*** Begin section ***

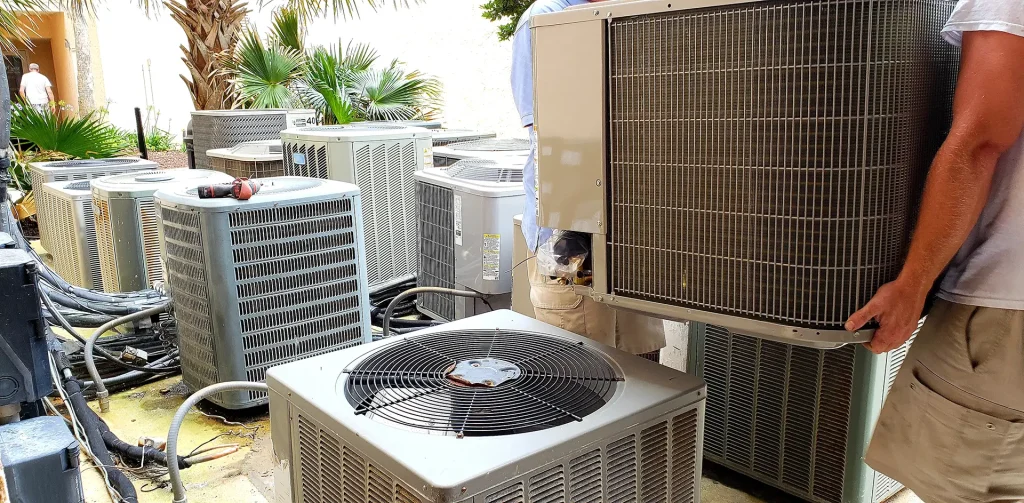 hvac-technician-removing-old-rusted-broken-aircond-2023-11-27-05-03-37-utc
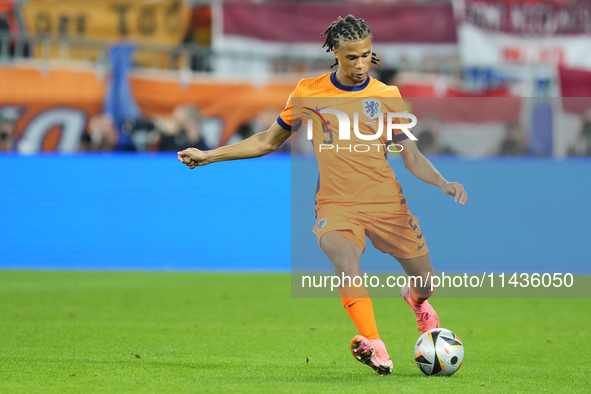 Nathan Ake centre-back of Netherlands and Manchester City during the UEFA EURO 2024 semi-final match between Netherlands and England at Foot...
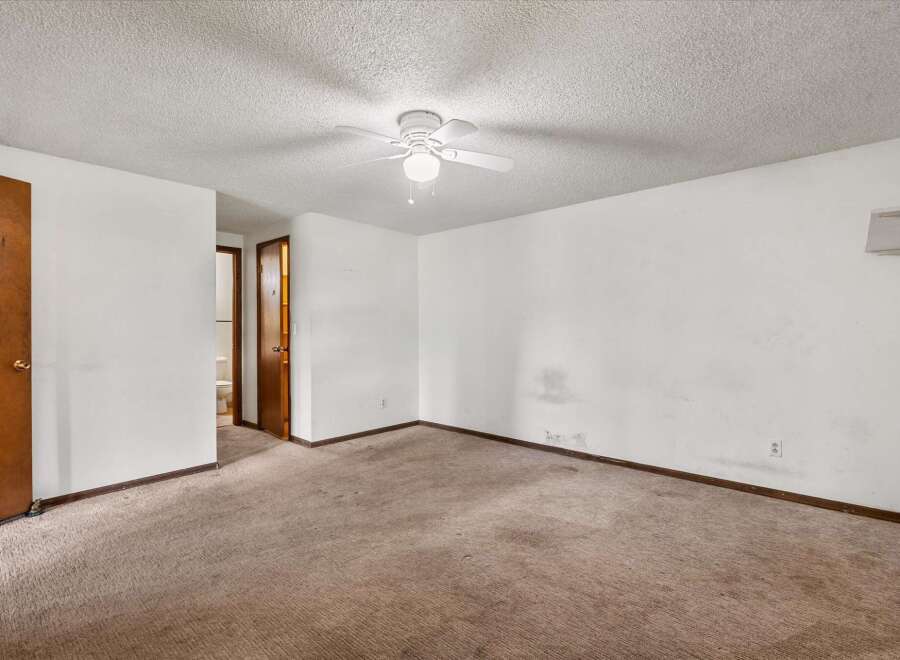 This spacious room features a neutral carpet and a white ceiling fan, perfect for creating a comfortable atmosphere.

*** End section ***
*** Begin section ***

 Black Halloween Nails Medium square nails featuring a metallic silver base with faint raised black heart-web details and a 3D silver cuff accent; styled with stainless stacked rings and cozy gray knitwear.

*** End section ***

TASK ITEM: From the data above, return exactly the lines from the one with "Nathan Ake centre-back" up to and including the one with "This spacious room". Pictures do not go in the copy.

EXERCISE SOLUTION:
 Nathan Ake centre-back of Netherlands and Manchester City during the UEFA EURO 2024 semi-final match between Netherlands and England at Foot...
 This spacious room features a neutral carpet and a white ceiling fan, perfect for creating a comfortable atmosphere.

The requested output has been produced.